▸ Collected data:
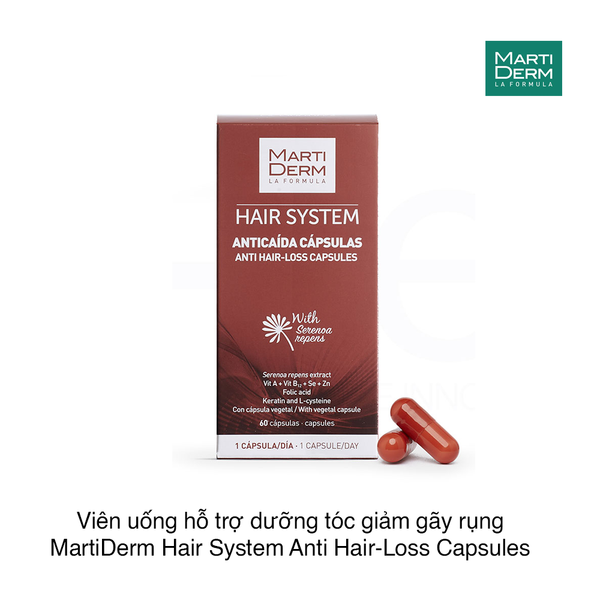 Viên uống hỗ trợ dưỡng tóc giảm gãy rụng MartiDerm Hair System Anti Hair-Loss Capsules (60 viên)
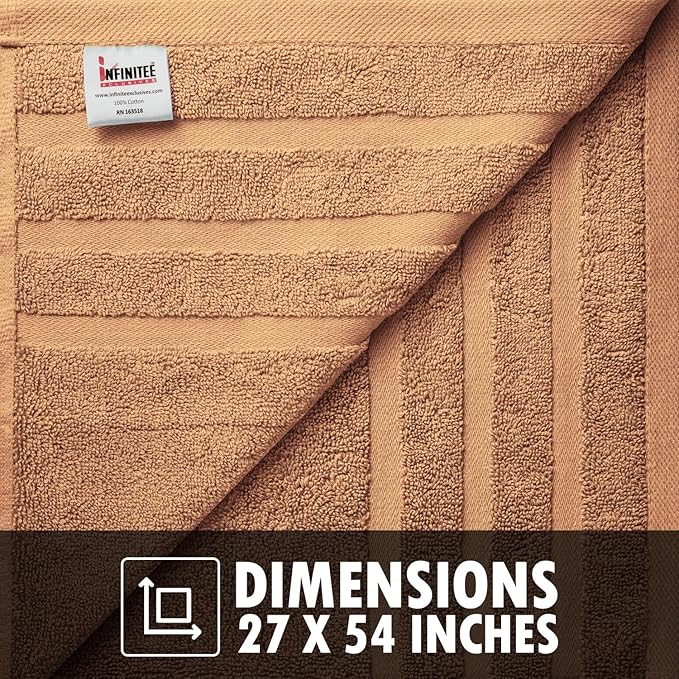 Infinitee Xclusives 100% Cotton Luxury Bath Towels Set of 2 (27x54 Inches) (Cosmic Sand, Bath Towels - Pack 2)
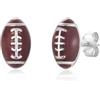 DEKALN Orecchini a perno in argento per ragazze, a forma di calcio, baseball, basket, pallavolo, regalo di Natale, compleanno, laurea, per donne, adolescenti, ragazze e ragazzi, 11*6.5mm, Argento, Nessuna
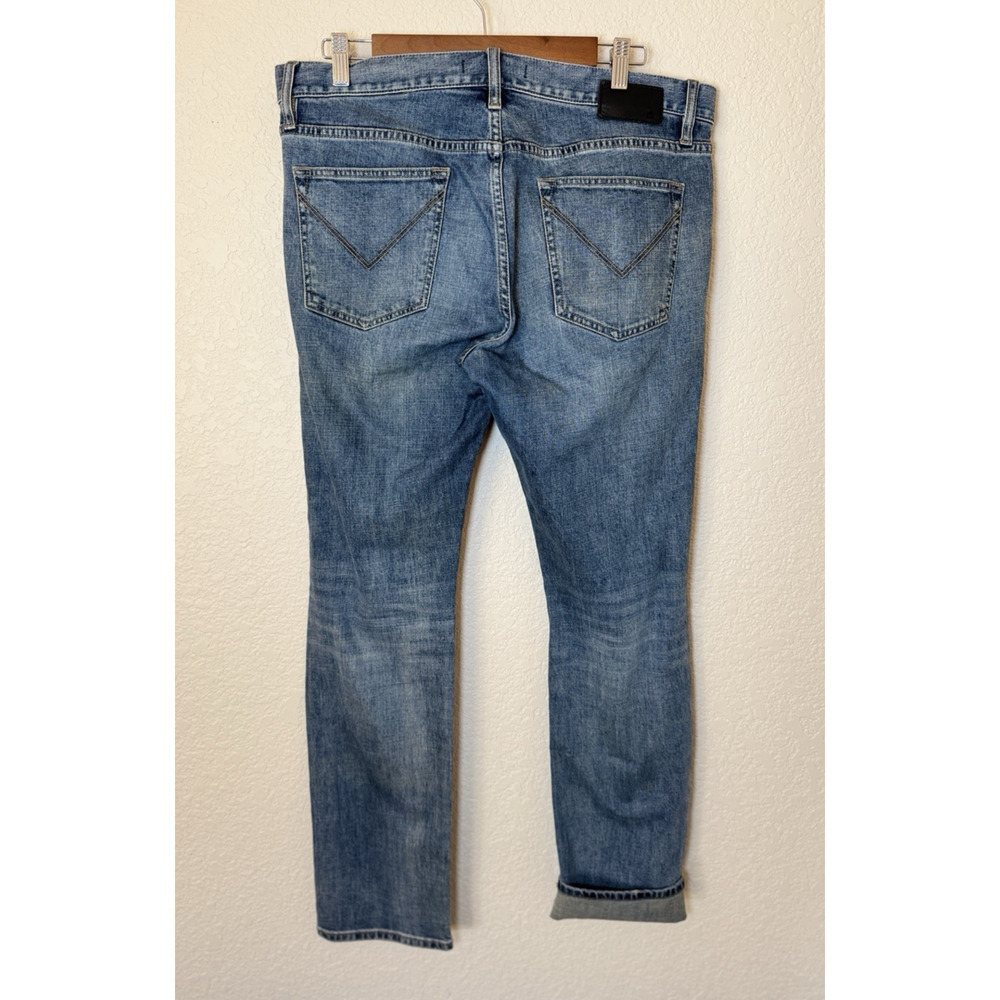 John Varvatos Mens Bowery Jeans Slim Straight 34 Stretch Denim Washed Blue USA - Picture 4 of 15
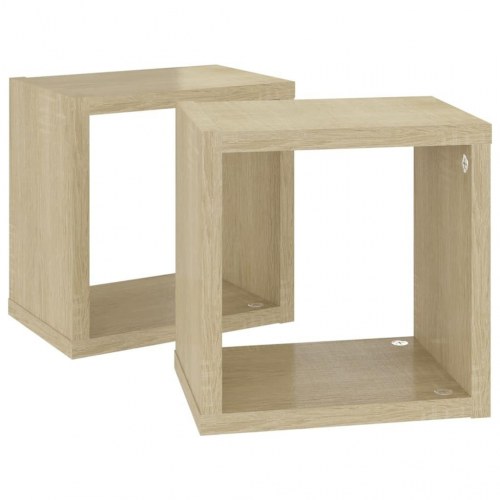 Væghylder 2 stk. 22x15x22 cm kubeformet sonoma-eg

▸ Task to complete: Please reproduce exactly and only the lines from the first line of the records through the line containing "DEKALN Orecchini a", both included, omitting any pictures.

▸ Expected answer:
 Viên uống hỗ trợ dưỡng tóc giảm gãy rụng MartiDerm Hair System Anti Hair-Loss Capsules (60 viên)
 Infinitee Xclusives 100% Cotton Luxury Bath Towels Set of 2 (27x54 Inches) (Cosmic Sand, Bath Towels - Pack 2)
 DEKALN Orecchini a perno in argento per ragazze, a forma di calcio, baseball, basket, pallavolo, regalo di Natale, compleanno, laurea, per donne, adolescenti, ragazze e ragazzi, 11*6.5mm, Argento, Nessuna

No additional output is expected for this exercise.